▶ _RECORD SET_:
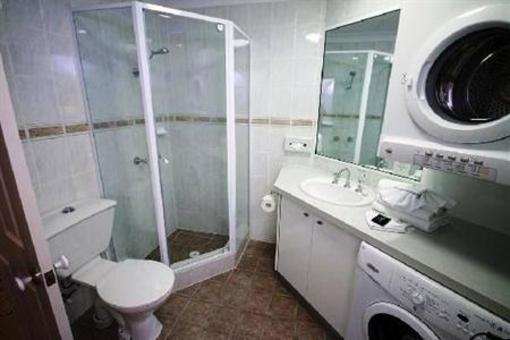 фото отеля Manor Apartment Hotel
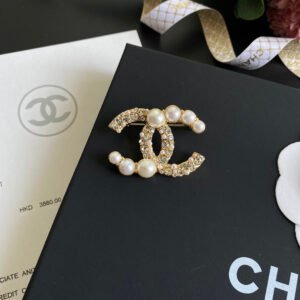 Chanel Brooch NO:C247-XZ Material:copper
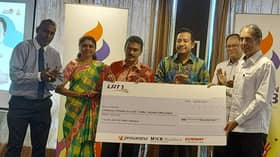 கிள்ளான்,  மிட்லெண்ட்ஸ்  தோட்டத் தமிழ்ப் பள்ளிக்கு ரி.ம. 100,000.00 உதவித்தொகை எம்.ஆர்.சி.பி அறவாரியம் வழங்கியது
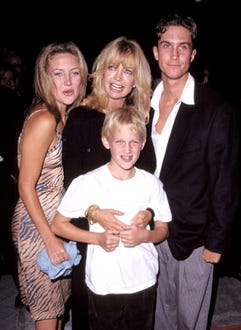 Goldie Hawn, Kate Hudson, Oliver Hudson and Wyatt Russell - "First Wives Club" premiere, September 16, 1996
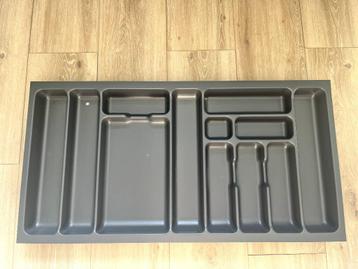 Kunststof bestekbak 92x47cm beschikbaar voor biedingen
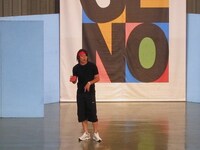 狩野英孝。卓球のラケットを持ち、試合後後輩たちにある事で詰め寄る。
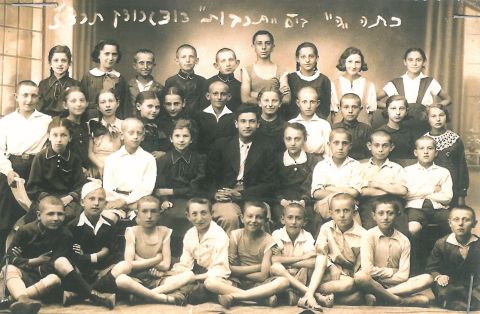 שרייבמן כמורה בבי"ס תרבות בפולניה מ-1937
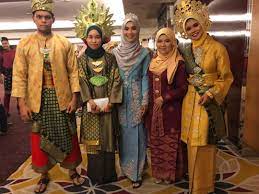 Di sini diketengahkan pakaian tradisional etnik utama di sarawak, iaitu kaum bidayuh di daerah bau, sarawak. Paling Keren Sewa Baju Dinner Tema Tradisional Lamaz Morradean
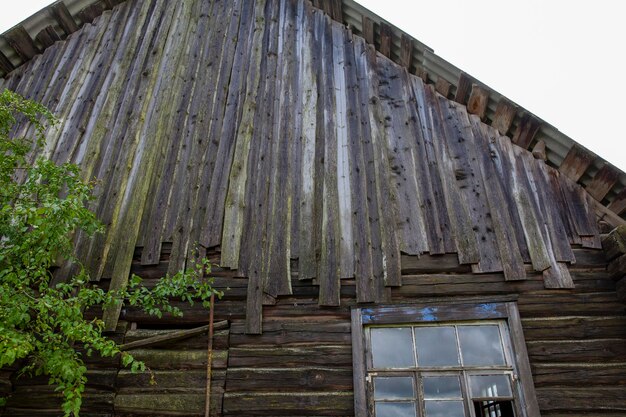 Une vieille maison abandonnée en bois avec des fenêtres fermées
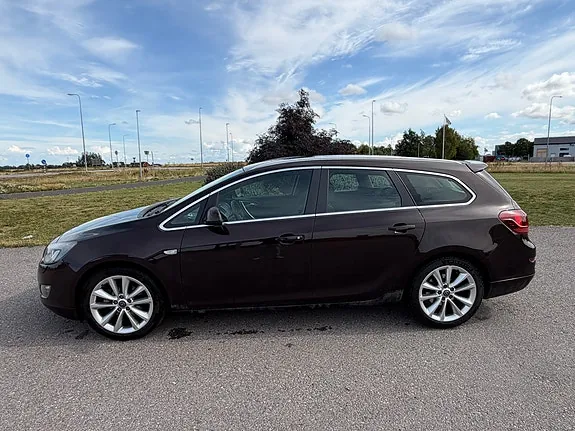 Opel Astra 2012 photo 3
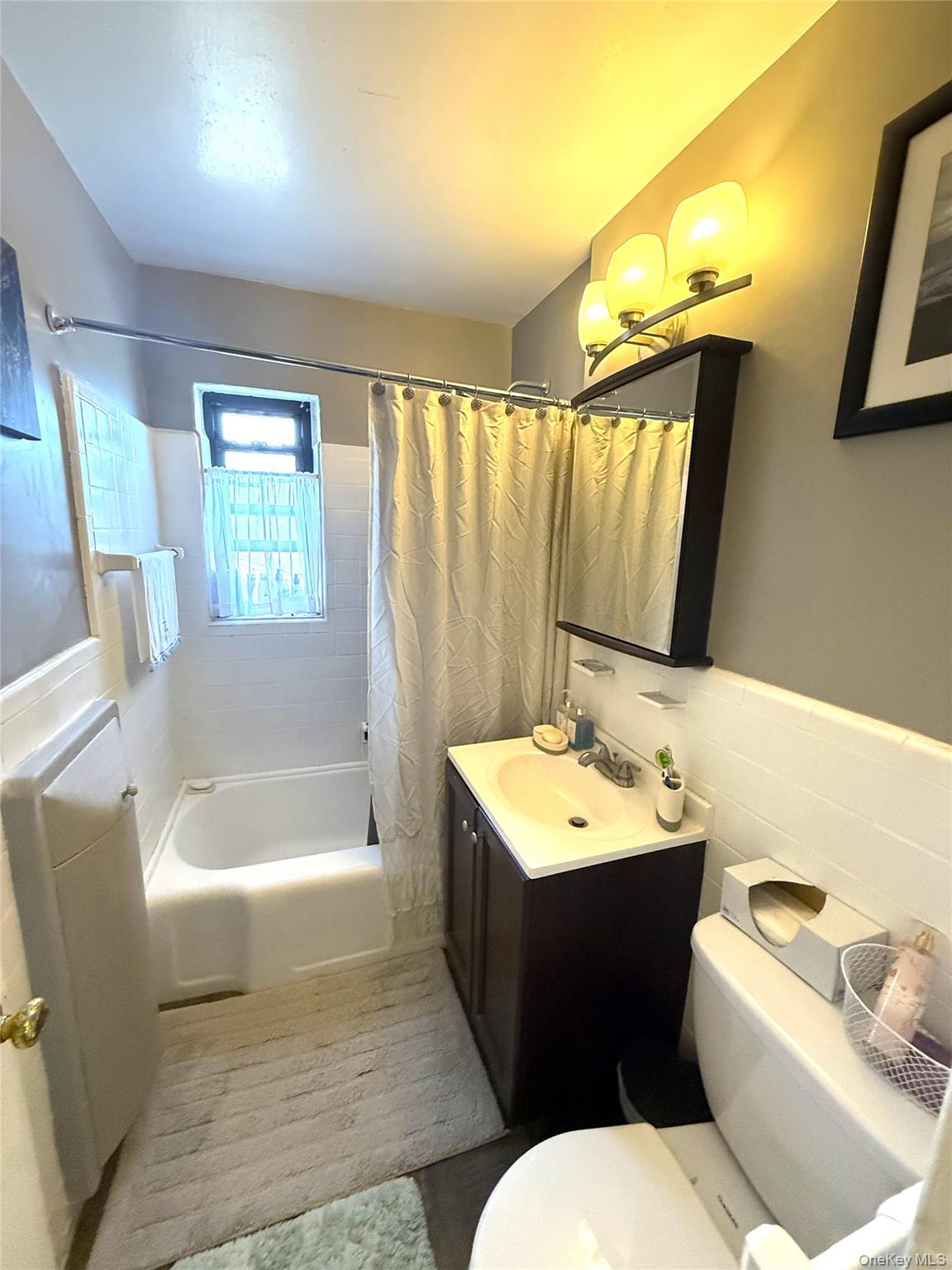 #12 photo, 74-65 220th Street, クイーンズ区 Oakland Gardens , NY 11364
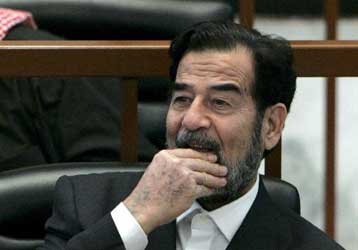 Βίντεο με θύματα «χημικών βομβαρδισμών» παρουσιάστηκαν στη δίκη Σαντάμ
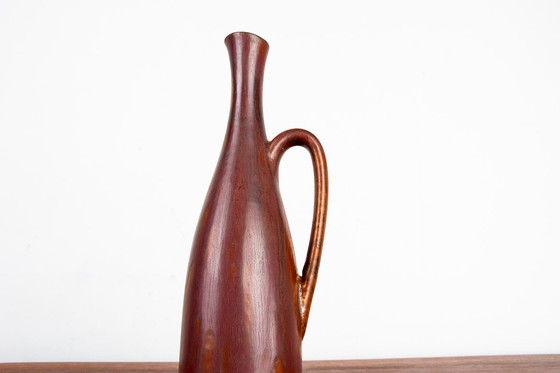 Image 1 of Bruin geglazuurde keramische vaas en kan door Gunnar Nylund voor Rörstrand Zweden 1960.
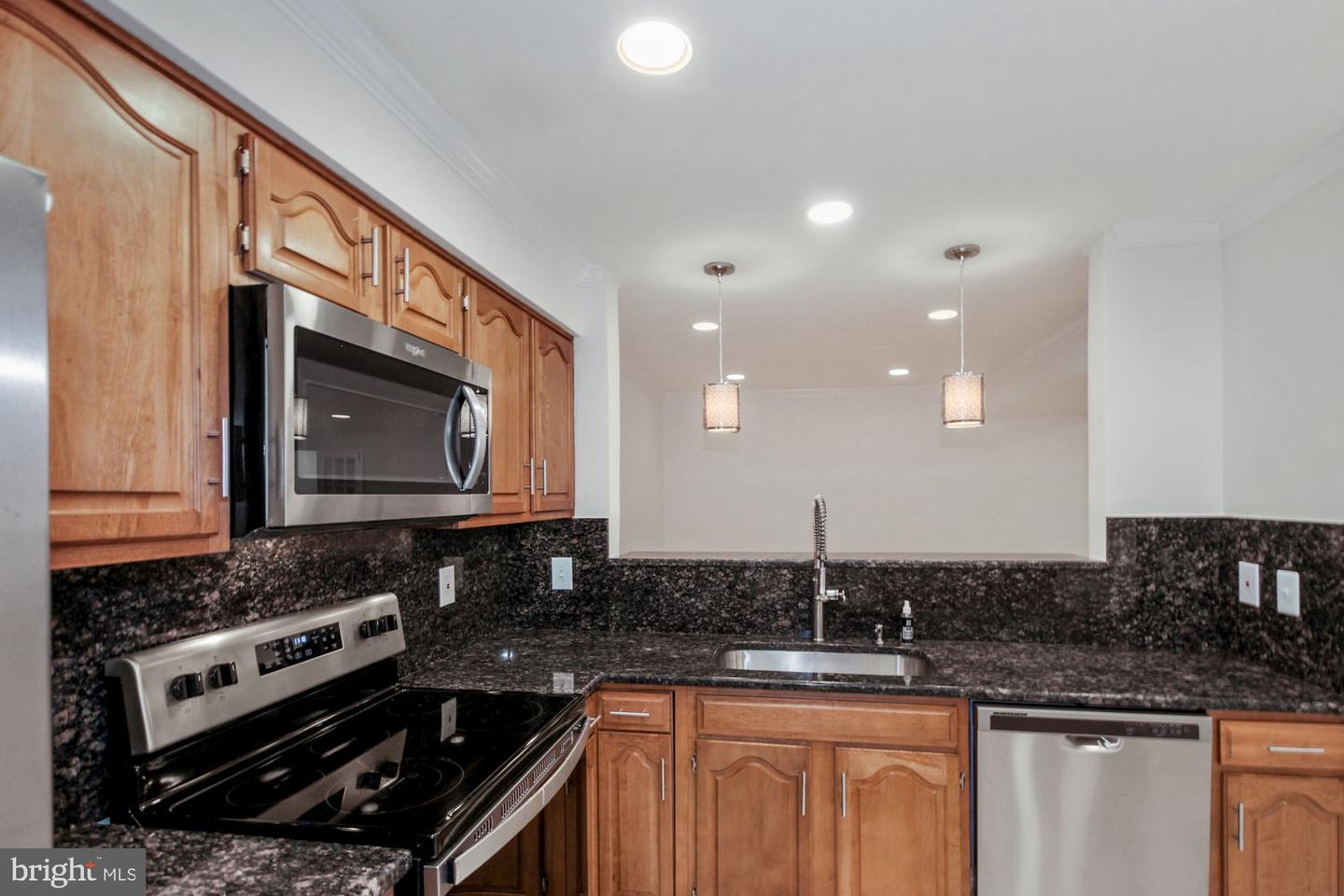 5801 Linden Square Ct #45 Property Photo 12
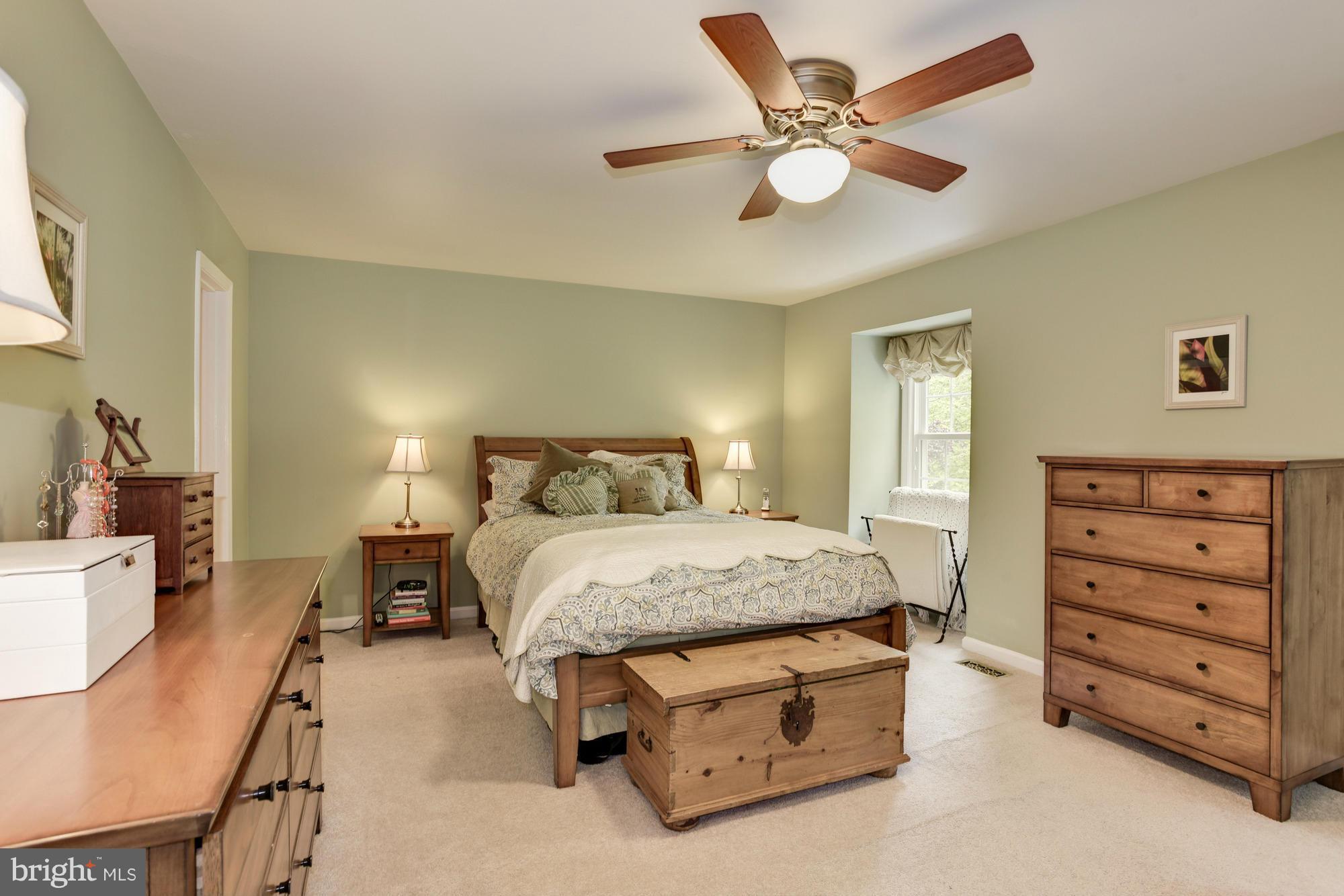 7324 Greentree Road Bethesda, MD 20817 - Photo 11 of 25 Bedroom (Master)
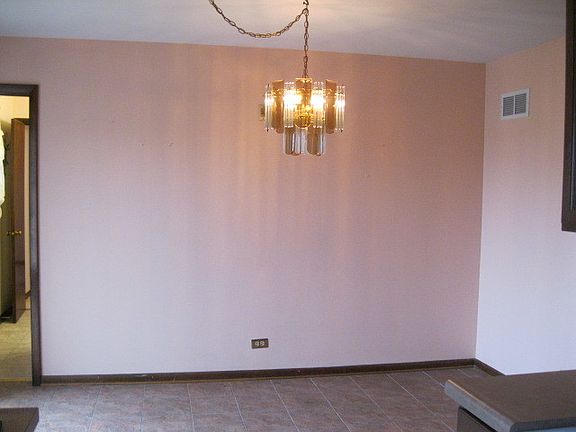 5th image of 20710 Sandridge Dr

▶ _WHAT YOU SHOULD DO_: Retype exactly, please, the span from the line holding "Opel Astra 2012 photo 3" through the closing line of the data, both ends included, without the pictures.

▶ _EXERCISE ANSWER_:
 Opel Astra 2012 photo 3
 #12 photo, 74-65 220th Street, クイーンズ区 Oakland Gardens , NY 11364
 Βίντεο με θύματα «χημικών βομβαρδισμών» παρουσιάστηκαν στη δίκη Σαντάμ
 Image 1 of Bruin geglazuurde keramische vaas en kan door Gunnar Nylund voor Rörstrand Zweden 1960.
 5801 Linden Square Ct #45 Property Photo 12
 7324 Greentree Road Bethesda, MD 20817 - Photo 11 of 25 Bedroom (Master)
 5th image of 20710 Sandridge Dr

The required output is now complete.